How to separate files using dask groupby on a column

Question

I have a large set of csv files (file_1.csv, file_2.csv), separated by time period, that cant be fit into memory. Each file will be in the format mentioned below.


| instrument | time | code     | val           |
|------------|------|----------|---------------|
| 10         | t1   | c1_at_t1 | v_of_c1_at_t1 |
| 10         | t1   | c2_at_t1 | v_of_c2_at_t1 |
| 10         | t2   | c1_at_t2 | v_of_c1_at_t2 |
| 10         | t2   | c3_at_t2 | v_of_c3_at_t2 |
| 11         | t1   | c4_at_t1 | v_of_c4_at_t1 |
| 11         | t1   | c5_at_t1 | v_of_c5_at_t1 |
| 12         | t2   | c6_at_t2 | v_of_c6_at_t2 |
| 13         | t3   | c9_at_t3 | v_of_c9_at_t3 |

Each file is about instrument logs that are consistent in their format.
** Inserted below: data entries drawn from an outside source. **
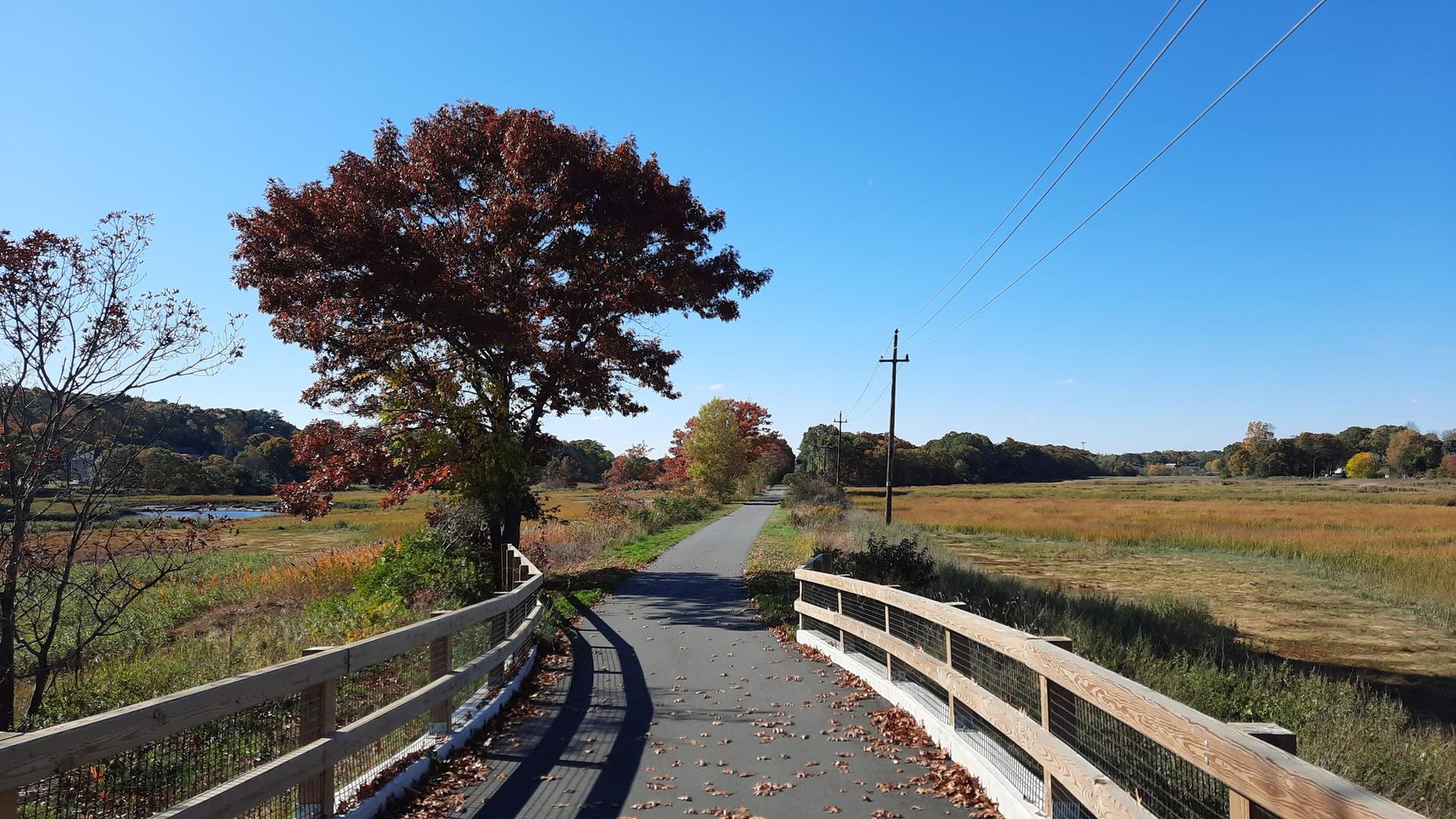 Paved path on a bridge, autumn tree, and marsh under clear sky.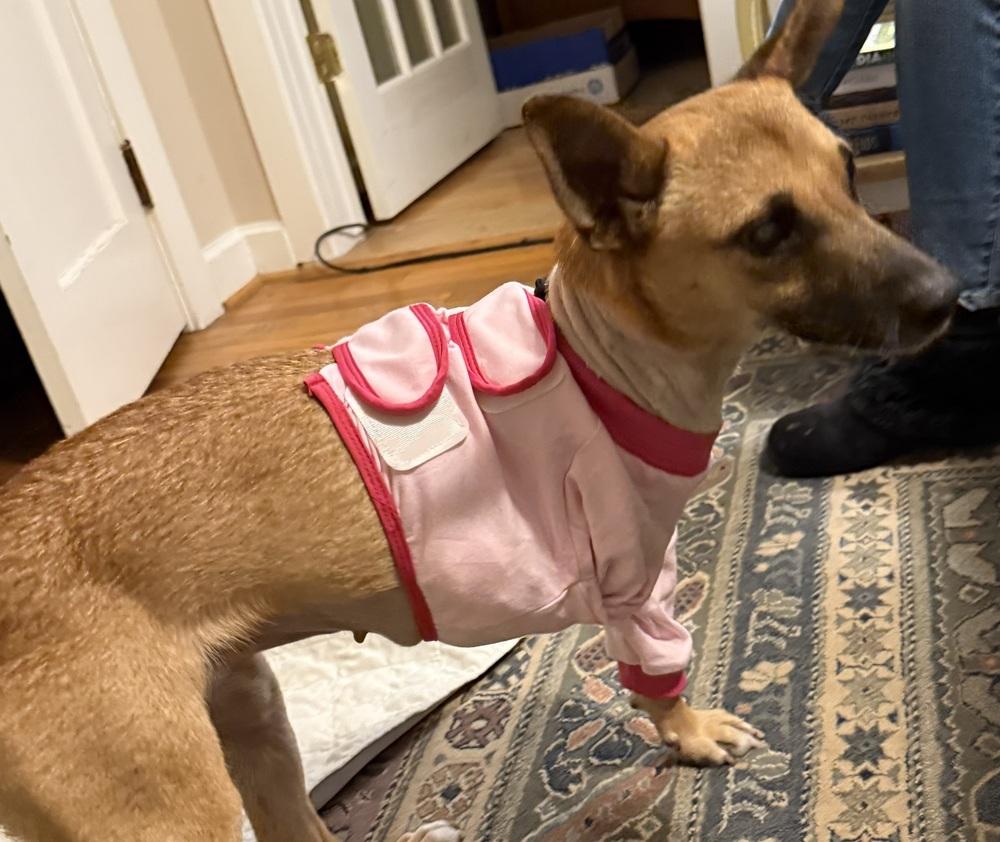 Enlarge Pita chip, a Adoptable mixed breed in Willingboro, NJ image 1/3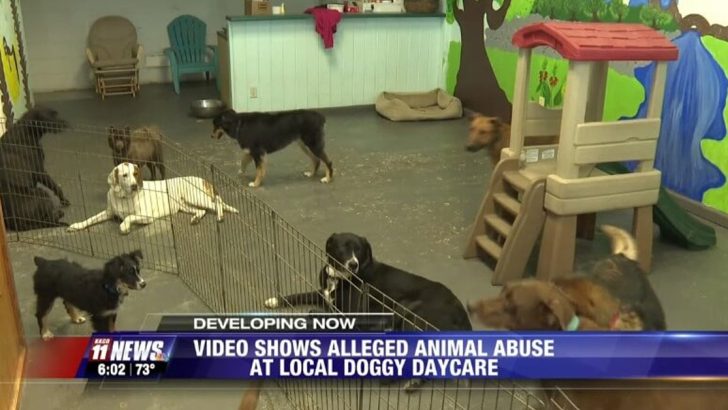 dog daycare owner beating dog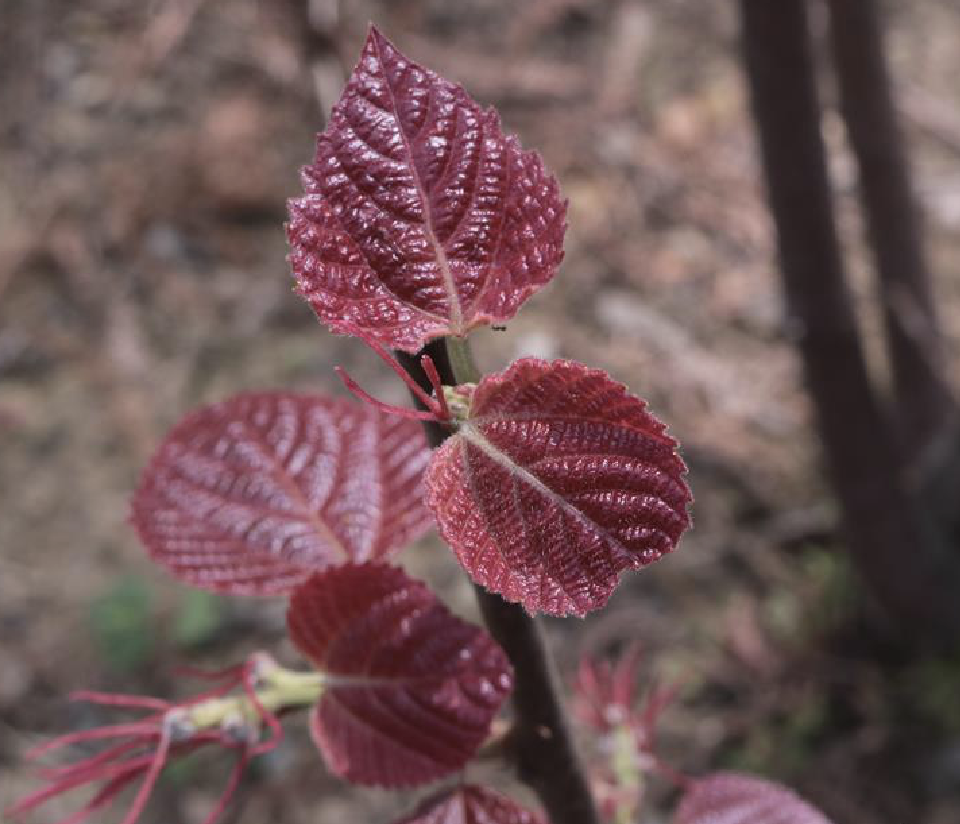 是的,红小娘红细娘红心小娘红背娘潮汕红灵丹红丹树红骨白鹤树红帽顶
There are set of instruments which can emit different codes(code) at a given timestamp(time). The value of that code at a given time for a given instrument is saved in val column

I would like to split each file (ex: file_1.csv) using the instrument column(ex: 10) and then join the files extracted for the instrument (ex: 10) across all files (file_1.csv, file_2.csv)

I am thinking about using dask groupby operation on the instrument column. Is there any alternative or better approach to do it instead of using groupby or better way to extract the files by instrument?

Code that I have written to do the above operation is

import glob
import dask.dataframe as dd
from dask.distributed import Client

client = Client()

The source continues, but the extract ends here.